A chatty and often witty account of the 1881 Jeannette search aboard the Rodgers by a reporter for the New York Herald.

p. 10: The routine on board the Rodgers is conducted with all the regularity of a man-of-war, and cheerfulness predominates under the most trying circumstances. The evenings in the cabin are passed pleasantly in games of cards, chess, back gammon, and the like, and in reading works of scientific interest or lighter literature.

p. 49: describes a house in St. Michael’s on Stuart Island: His wife [Lorenz, a native of Maine] is a cultivated and intelligent lady, and a small, but well selected library gave token of refined taste in literature. One would naturally be surprised, here, beyond the limit of civilization, to find a house with walls covered with Morris paper, and carpet and chairs in keeping with that style of decoration, so that I scarcely felt at each there in my coarse sailor garb.

p. 120, when the Rodgers was lost by fire, the shipwrecked comrades were sent substantial supplies including: some reading matter, and about a hundred pounds of tobacco and cigarettes….

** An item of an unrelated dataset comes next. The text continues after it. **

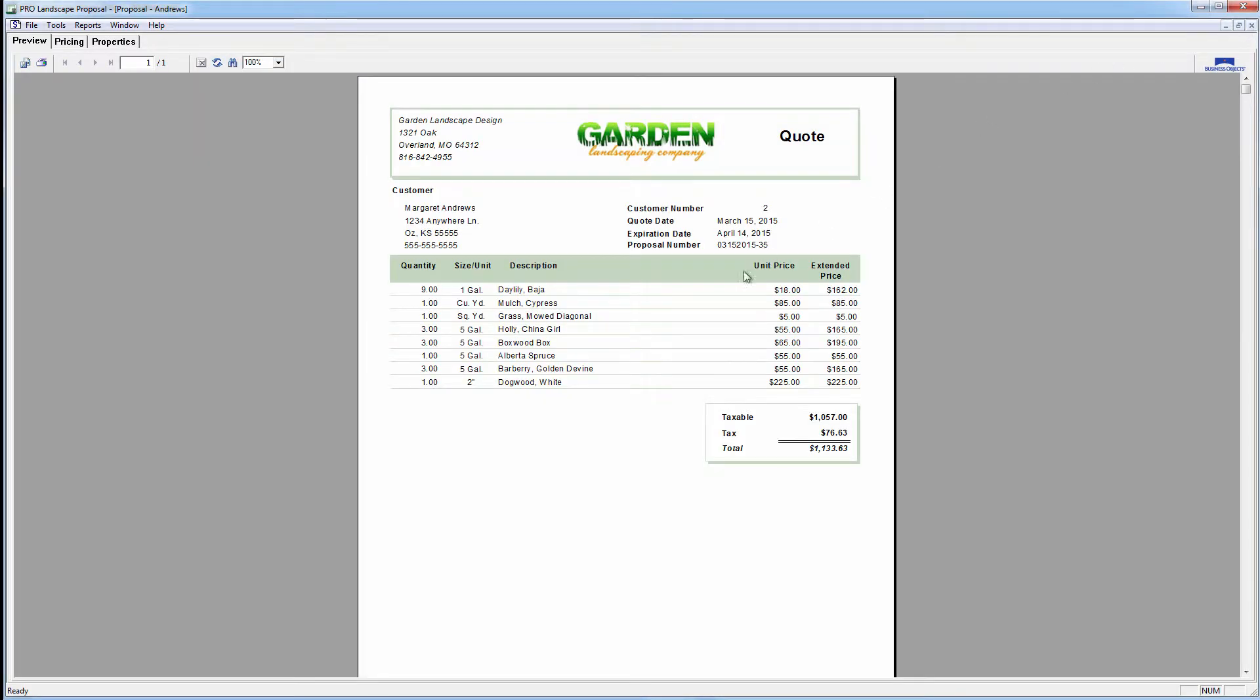And then this is our price quote. Now, this one shows individual prices. There are over 50 templates that you can choose from, and some show individual prices and some don't.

p. 149-50, in March 1882 Gilder met a Russian named “Wanker”, who agreed to be his guide: I knew he was a liar, because he said he could read, and when I handed him a letter in the Russian language from the Russian Consul in San Francisco he read it all through with the deepest interest and most intense satisfaction depicted upon his countenance, occasionally smiling over some official pleasantry of the Consul’s, or stumbling over a particularly hard word, and all the time held the letter upside down. I righted it once, but he immediately turned it again, with a look as much as to say, “I always prefer to read my letters that way.” He then returned the letter after having carefully inspected the black border and the watermark on the paper, and said it was “All right;” an opinion for which I was truly grateful.

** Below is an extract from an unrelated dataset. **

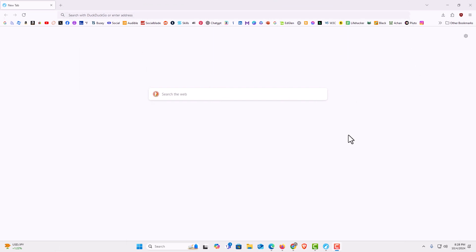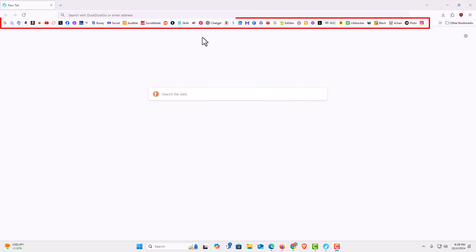I have the LibreWolf web browser opened up now. If you look up top here, I have my bookmarks toolbar enabled. You can see all my bookmarks up here.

p. 154: When forced to lie over on account of storms or some notion of Wanker’s, with nothing to do and nothing to read, it seemed to me that all I did was to lie on my back and watch for indications of the next meal. It was all there was to break the monotony, unless my pipe needed cleaning.

p. 196-97, on sledge journey approaching the Lena, Gilder was with a Cossack who spoke only Yakout and Russian: This seemed at first a serious drawback, but I was not discouraged…. I had also a polyglot dictionary of the French, Russian, German and English languages, with the French as the initial language; which was rather a drawback, as first I must know the French equivalent for what I desire to explain in Russian. It fortunately happened that my Cossack, besides being unusually intelligent for one of his class in that country, was able to read and write, though by no means a scholar—so, with my dictionary and the universal sign language we got along quite well…. My dictionary was never packed away; it was always placed under my pillow in the sled, and always brought into the povarnniars and stations with the cooking utensils. Here we would pore over that book until the meal was ready.

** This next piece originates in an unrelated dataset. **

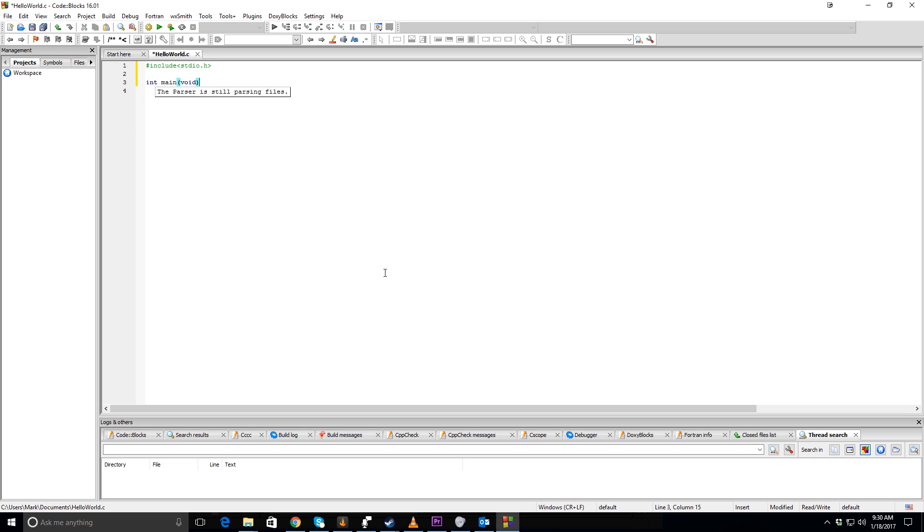Then you're going to go down here and write your main function, so that's int main, and then parentheses void. You always want to write void in there.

p. 201, March 24, 1882, G. W. Melville to Secretary of the Navy: I found De Long’s note book alongside of him, a copy of which please find enclosed, dating from October 1, when at Usterday, until the end. Under the poles were found the books, records, &c., and two men. The rest of the people lie between the place where De Long was found … a distance of five hundred yards.

p. 203, March 25, 1882, G. W. Melville to Secretary of the Navy: When I had read these letters I turned to the papers which accompanied them and found them to be the diary kept by De Long from October 1st till October 30th, 1881. It was the most horrible tale of agonizing, lingering death.

p. 211, after H. H.Ericksen’s death on October 6, 1881, and the reading of the burial service: His clothing was divided up among his messmates. Iverson has his Bible and a lock of his hair. Supper at 5 p.m. , half a pound of dog meat and tea.

p. 215, in mid October, close to the end of De Long’s ordeal he is still reading prayers for the sick.